The domestic sphere of research-based residencies collapses production and reproduction, public and private, echoing what feminists have known all along: maintenance work is just as necessary as any other form of labor5 6. One no longer leaves the factory to return home. Home is the factory. The contemporary exploits this latent market. Products commodify insecurity, media manufactures consent, outrage subjugates our attention, extracting the whole earth through 24/7 material and immaterial labor that began before anything was born and continues after everything has died. Domestic interiority can no longer be imagined as a private retreat from our turbulent world. Private and public are both illusory and real. Even among sustained traces, both past and present are subject to constant change. All our work and all our labor, even the faintest scent of tea or a half-open window, contributes to this cacophony of worlds, whether reproducing this one, or nourishing the next.

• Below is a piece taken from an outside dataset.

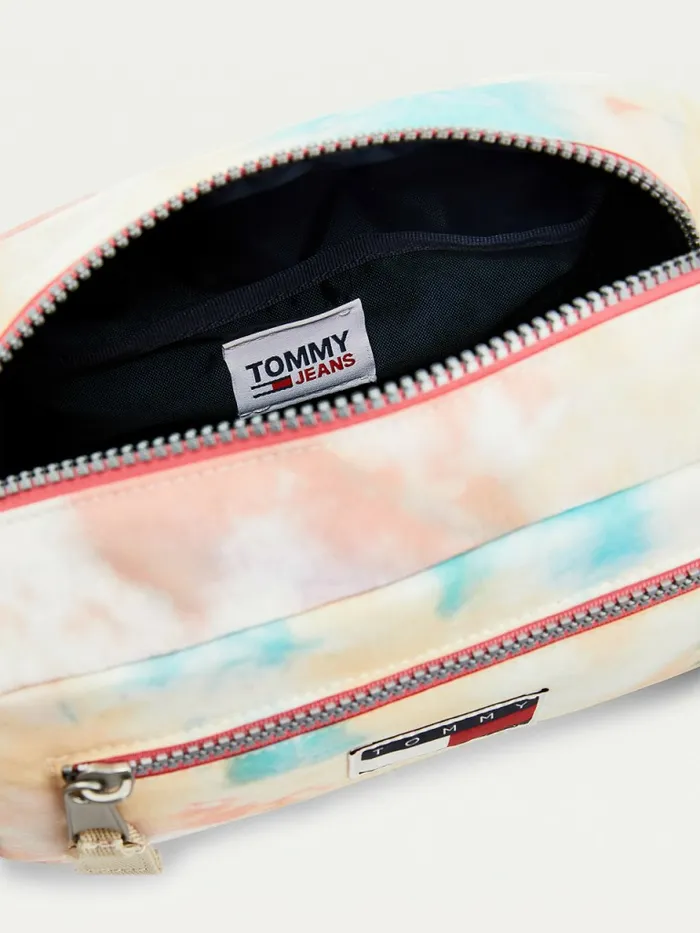 Tommy Hilfiger Travel TieDye Washbag Tie Dye Womens Bags Fashion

When I returned from my daily walk around Hakaniemi, the midday sun had completely animated the room with a vivid vibrancy. I opened the windows wide to let it breathe. Particulates drifted in with the errant breeze, mixing with dust and other living matter. I set down the plastic bags of groceries I bought from the nearby shops that serve multiple Asian and West African communities. I caringly laid each familiar item on the floor as if an incantation: a bag of dried chickpeas, a bag of dried black-eyed beans, Maggi bullion cubes, fermented black bean chili oil, Mi Goreng Indomie instant noodles, Korean black-bean sauce noodles, Turkish peppers, Spanish tomatoes and garlic bulbs, a tube of harissa, a small bottle of tsuyu, Vianco curry powder, cassava chips, four different kinds of senbei rice crackers, dried mango slices, a can of sugar-cane juice, a can of guava juice, Sina ginger candy, Haw flakes, a tin of Sakuma fruit drops, a pack of incense, and a few stacks of plastic-wrapped joss paper—in case any ancestors were watching.
I arranged everything into a tapestry at the front of the room as an offering or a protective ward. Despite their hermetic seals insulating from the threat of entropy, the air began to change. Biting, bitter, sticky-sweet, earthy vernaculars gathered, unsettling the sedimented residues of stale heritage, its ghosts and all the rest dancing to the sound of the memory of many living people7.